Contact an attorney for a free 15-30 minute consultation on how divorce typically goes for someone in your location with your financial and family situation. You need good information about how divorce probably would look for you. This way you can make decisions based on reality, not on inflated fears or hearsay.


----------



## tlsmith2293 (May 15, 2017)

Thank you everyone for the advice.


----------



## Lostinthought61 (Nov 5, 2013)

smith,


can you tell me if this has always been her modus operandi or has something happen to alter her behavior?


----------



## Tatsuhiko (Jun 21, 2016)

If you've got the cash, why not file for divorce just as a warning shot.
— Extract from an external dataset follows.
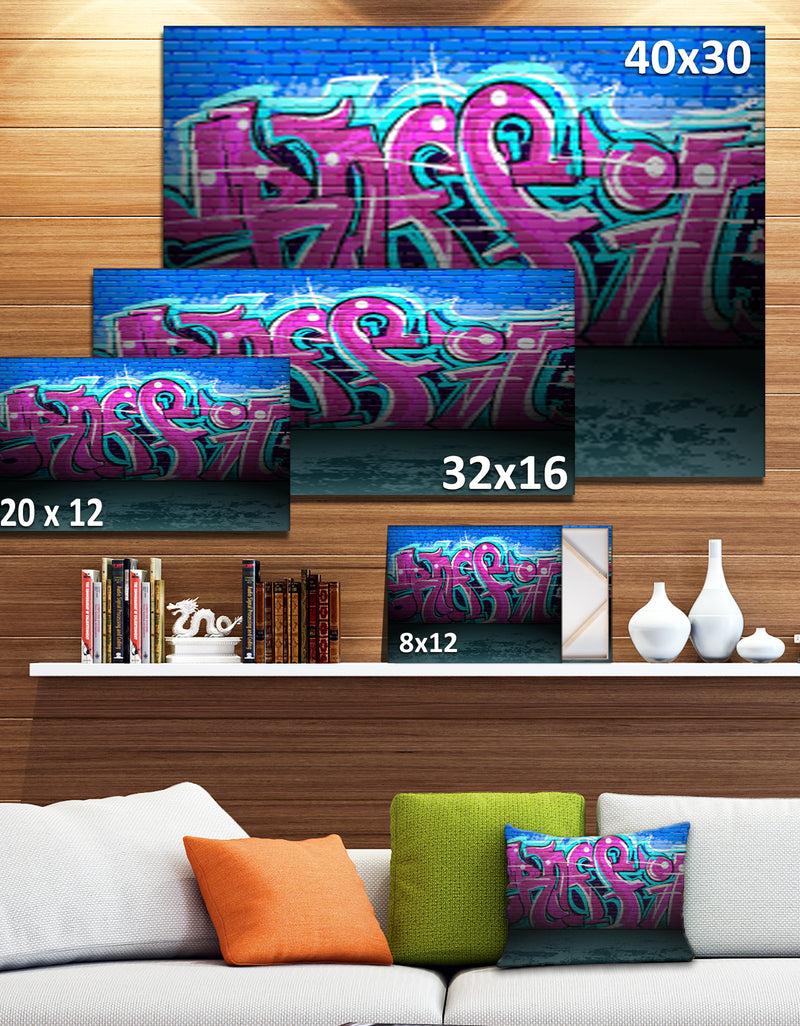 DesignQ Purple Graffiti Wall - Street Art Canvas Art Print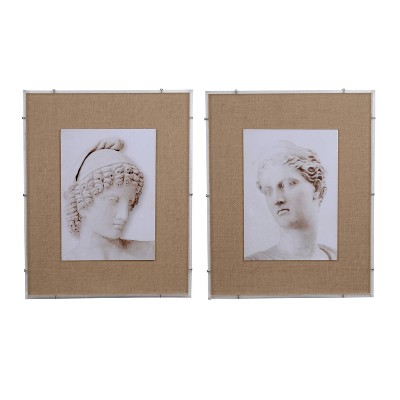24"x30" Set of 2 Roman Bust Framed Prints Brown - A&B Home: MDF & Linen, Traditional Decor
My worry is that you'll back down in a face-to-face confrontation. File for divorce, have her served so that you don't have to confront, then let the chips fall where they may. It doesn't require any special courage on your part since someone else does the dirty work. All you do is fill out the forms and spend a little money.

If she becomes confrontational after she's served, leave the scene and write her an email explaining your position, namely, that you're releasing her to find an adequate husband. We can help you craft the letter. Don't let her put you in a situation where she's bullying you and intimidating you again. Just bow out and do all your communication over email. 

If the divorce filing doesn't wake her up to the extent of the problem, and she doesn't agree to change her ways, you simply continue letting the divorce follow its natural course.


----------



## tlsmith2293 (May 15, 2017)

Lostinthought61 said:


> smith,
> 
> 
> can you tell me if this has always been her modus operandi or has something happen to alter her behavior?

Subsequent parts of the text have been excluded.